The narrator’s self-pity and romantic ideals about the nobility of the animal world are significant, because O’Neill pulls a bait-and-switch from the first half of his story to the second, forcing his protagonist to reevaluate his own notions of human fallibility and compassion when he discovers something unexpected in the dead bear’s belly: a ringing cellphone. The bear has devoured the phone – “an invasive thing … symptom of a disease of the modern world” – along with body parts of its erstwhile owner, about whom the narrator will learn when he inevitably answers the nattering device.
It is anger that drives him to respond to the ringing phone. “Stupid bastard, what are you doing inside the bear?” he thinks. “Can’t you leave the animal, killed for your sake, well enough alone?” The malignant intrusion of human technology into the bear’s world – symbolized in the narrator’s mind by selfies commemorating the final moments of ignorant tourists trying to memorialize themselves alongside wildlife they are unable to control or even understand – is a pervasive evil in the story.
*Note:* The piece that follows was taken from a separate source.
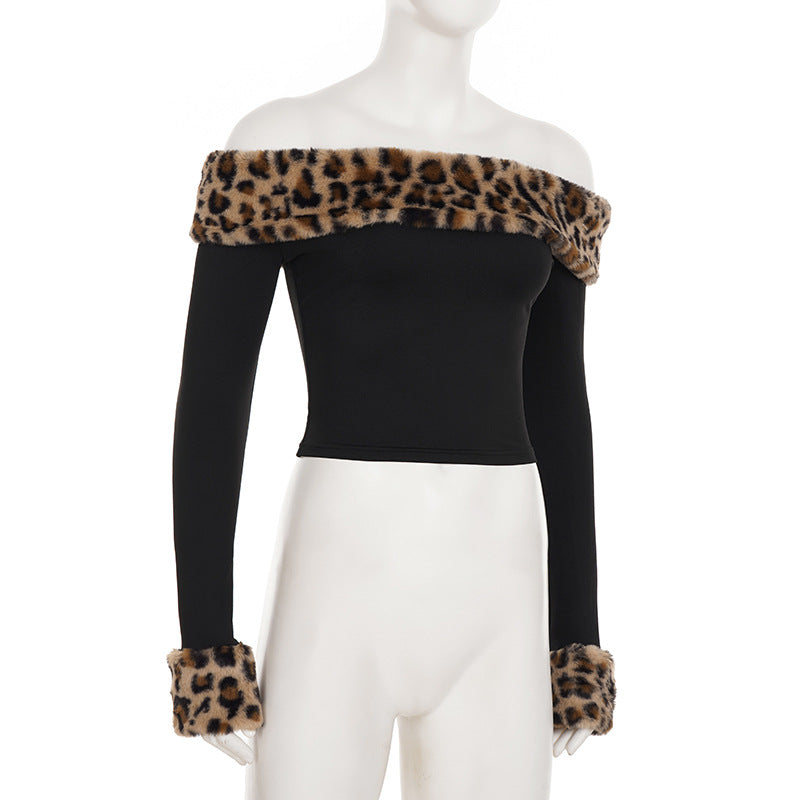 Women Leopard Print Off-Shoulder Long-Sleeved T-Shirt and Furry Shorts Two-Piece Set 15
The poem the narrator writes includes a reference to “a long-distance call / from a phone booth in the wilds”; the image anticipates the discovery of the cellphone and the actualization of the poem’s observation, “The book about the bear is your story turned inside out.”
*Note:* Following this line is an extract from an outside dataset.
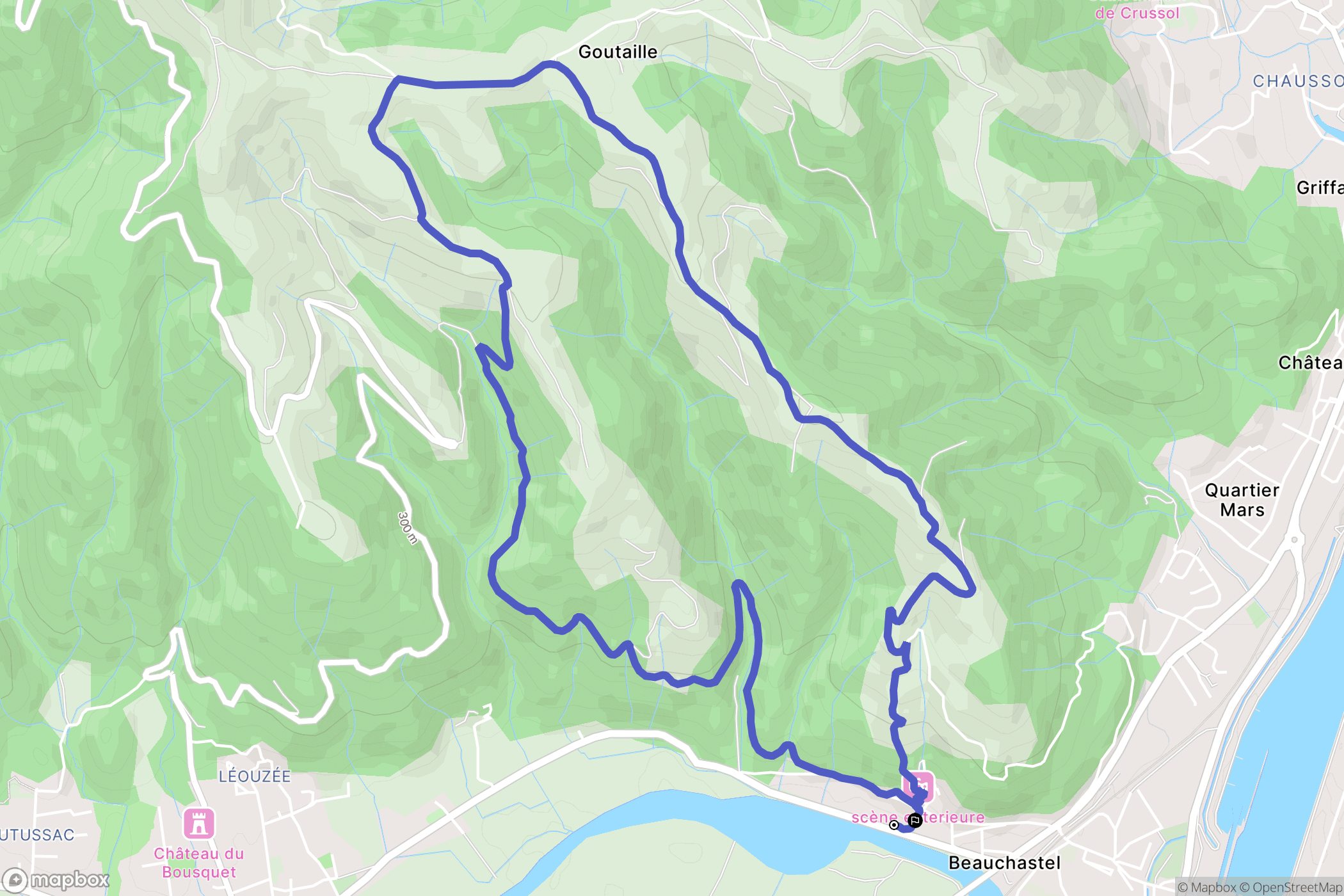 Beauchastel : carte du parcours de randonnée - France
But the narrator’s attitude – and thus the tone of the story – begins to shift as he speaks to the woman on the other end of the phone. He learns that the dead man’s name is Ethan and begins to piece together parts of his life prior to his fatal encounter with the bear. The woman on the phone – whose name is Connie, and whose relationship to the dead man is prominent in the narrator’s change of heart – humanizes Ethan, providing an emotional touchstone that complicates the narrator’s assumptions. He tries to convince Connie to meet him so that he can explain to her in person what happened to Ethan, extending what he – and the reader – hopes might be a moment of human connection at a time of grief and suffering.
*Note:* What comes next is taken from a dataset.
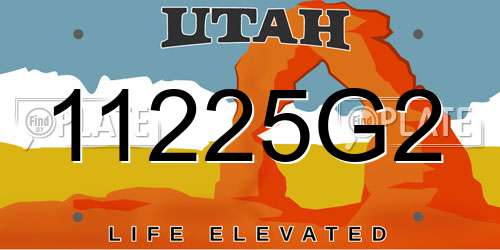 11225G2 Utah License Plate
He also hopes that providing a face-to-face account of what happened to Ethan will offer a kind of exorcism – for him, but also for the deceased man and the animal on his table. “I’ve been close to Ethan, for better or worse. … I feel as if I’m liberating Ethan from the bear. And I’m liberating the bear, too, from that encounter.” There is every possibility that, in his loneliness, the narrator has expectations, even subconsciously, about where such a meeting will lead; what is clear is that by the story’s close, his sympathies have shifted away from the bear on its own – “I feel as if the bear, somehow, must make amends” – and toward the living woman who has yet to comprehend the extent of her loss.
On a reductive level, O’Neill’s story is, in Atwood’s terms, about someone being gnawed by a bear. More expansively, it represents a conflation of doomed animals and survival – though in this case, the survivors are not the people involved in the violent encounter with the wilderness, but those on the periphery who must pick up the pieces in the aftermath.